How does screp work?
====================

**screp** tries to automate many of the steps taken when writing your own scrapper, steps like:

* fetching the HTML documents, if necessary
* parsing HTML
* locating areas of interest in the DOM of the document
* locating interesting information around those areas
* simple processing of these pieces of information
* formatting of the information
* outputting the information

To use screp, you need to take a series of steps:
* tell screp where to take the HTML documents; it works with multiple documents, from sources such
as the web, the local file-system or STDIN
* define the *primary anchor* using a CSS selector: these are elements through which you access
records of interest in the HTML documents
* specify the output format; this implies specifying:
- *terms*, which are string computed relative to the anchors
- how these terms are combined to produce a record; currently screp supports three methods of
specifying formats:
- CSV
- JSON
- general format
* optionally, you can also define *secondary anchors*, which are elements computed relative to the
*primary anchor* that can be used to define *terms* in a more succinct way

Defining terms
==============

A *term* has the following format::
anchor.accessor.accessor.accessor|filter|filter|filter

In other words, a term is an anchor(primary or secondary) followed by zero or more accessors
followed by zero or more filters.

*Accessors* and *filters* (also collectively called *actions*) are functions that take the output
value of the last function (or the anchor, if this is the first action) and output another value.
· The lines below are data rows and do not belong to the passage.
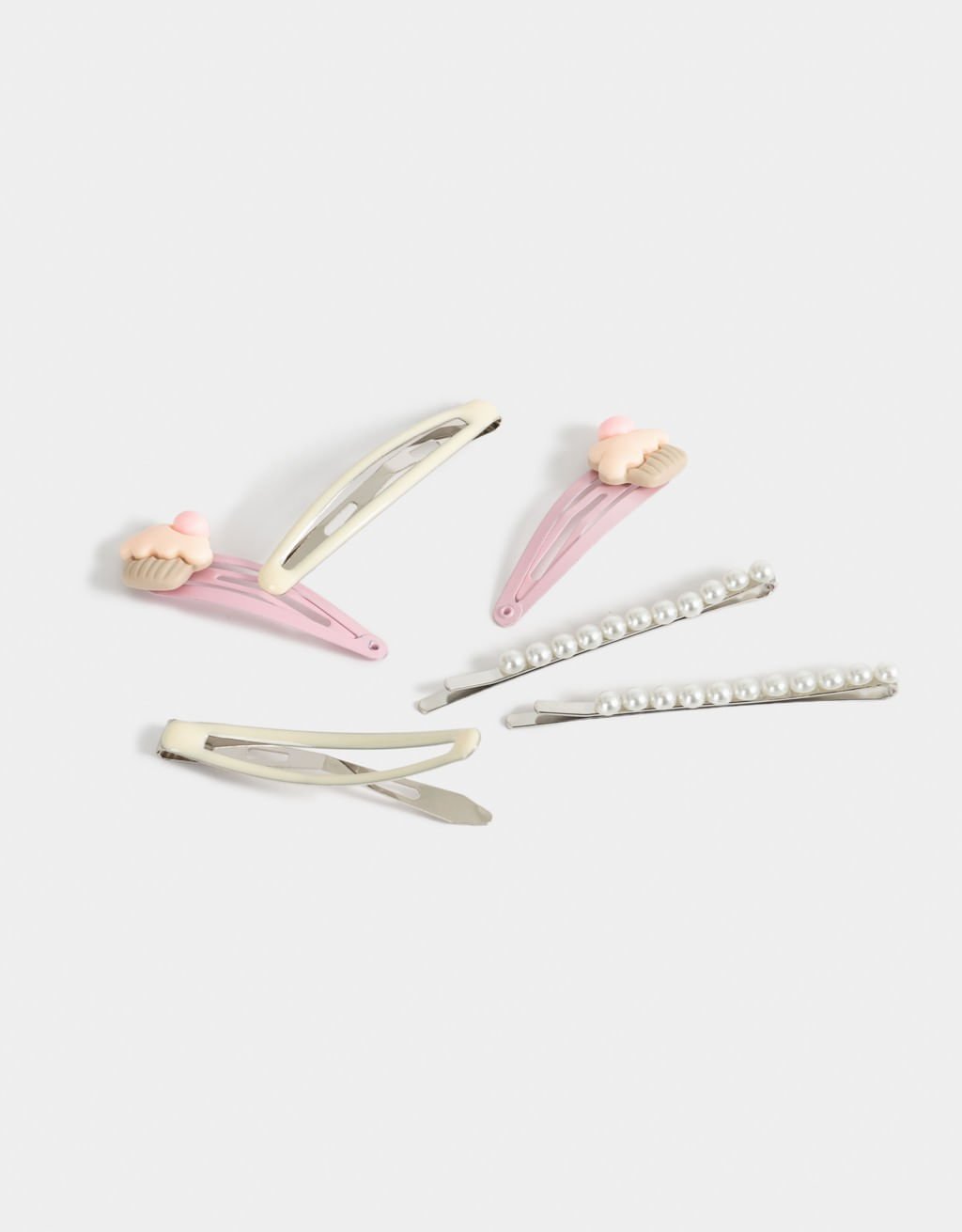 Kit de Acessórios para Cabelo Infantil Fantasy Rosa/Bege 2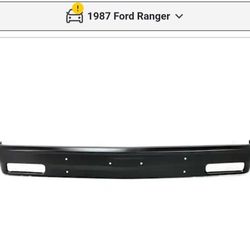 1985-88 FORD RANGER/BRONCO FRONT BUMPER. **BRAND NEW NEVER INSTALLED ** PAINTED BLACK.  ....asking $200.00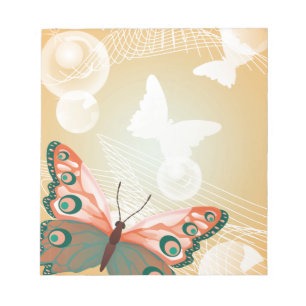 Bloc De Notas Aloha Hawái Boda mariposa arte destino
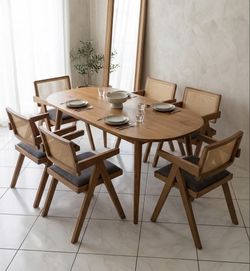 Set of 6 Mid-Century Dining Chairs - NO TABLE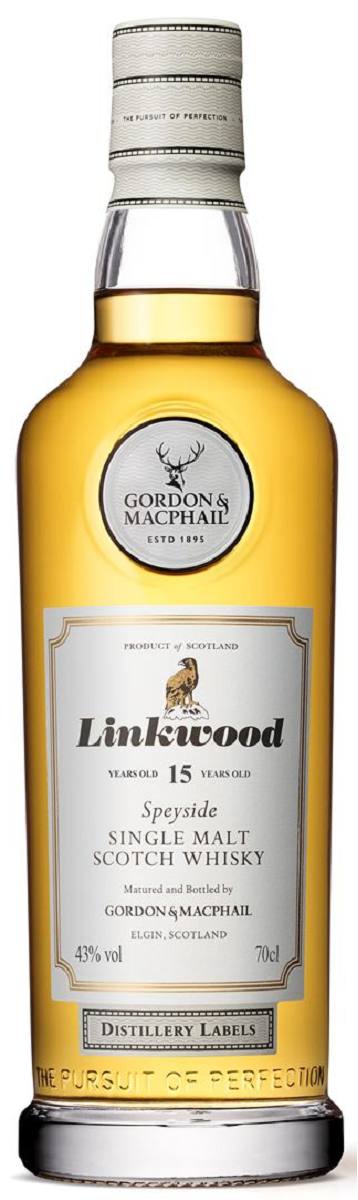 Bottle of Linkwood 15-Year-Old, Gordon &amp; MacPhail Distillery Label, Single Malt Scotch Whisky, 43% - The Spirits Room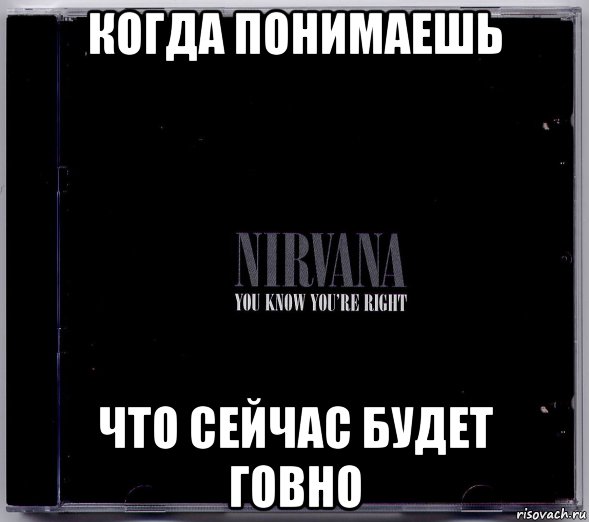 когда понимаешь что сейчас будет говно, Мем nirvana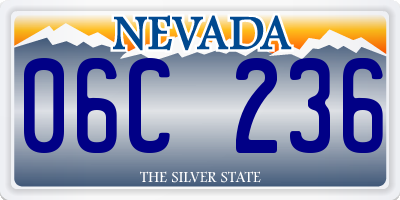 NV license plate 06C236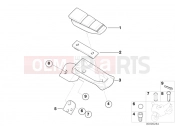 Rear footrests - BMW Motorrad F 650 CS 04 (0177,0187) 2005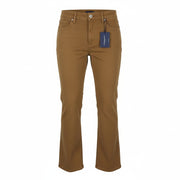 GANT Flare Color Women Trousers W27 Roasted Walnut Zip Fly Brown Casual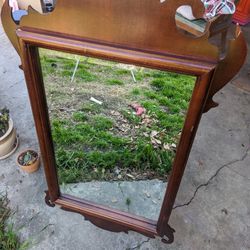 Antique Mahogany Chippendale Mirror 
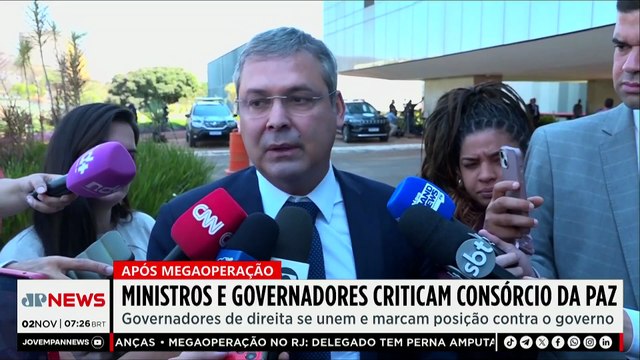 CASTRO SOBE NAS PESQUISAS APÓS MEGAOPERAÇÃO / CONTA DE LUZ MAIS CARA | JORNAL DA MANHÃ - 02/11/2025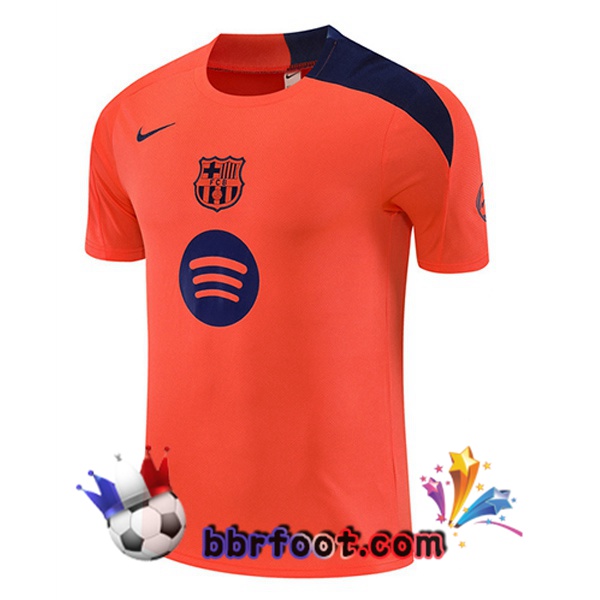 Training T-Shirts FC Barcelone Orange 2025/2026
In
other words, they form a pipeline. Accessors act on DOM elements and sets (actually ordered lists)
of elements, whereas filters act on strings. Each action has an in_type and an out_type. For a term
to be correctly defined the out_type of an action needs to match the in_type of the following
action.

The supported types are: 'string', 'element', 'element_set'.

Actions can have zero or more parameters. When the action takes parameters it is specified as a
function::
action(parameter1, parameter2, parameter3)

When not, only the action name is specified (no parentheses).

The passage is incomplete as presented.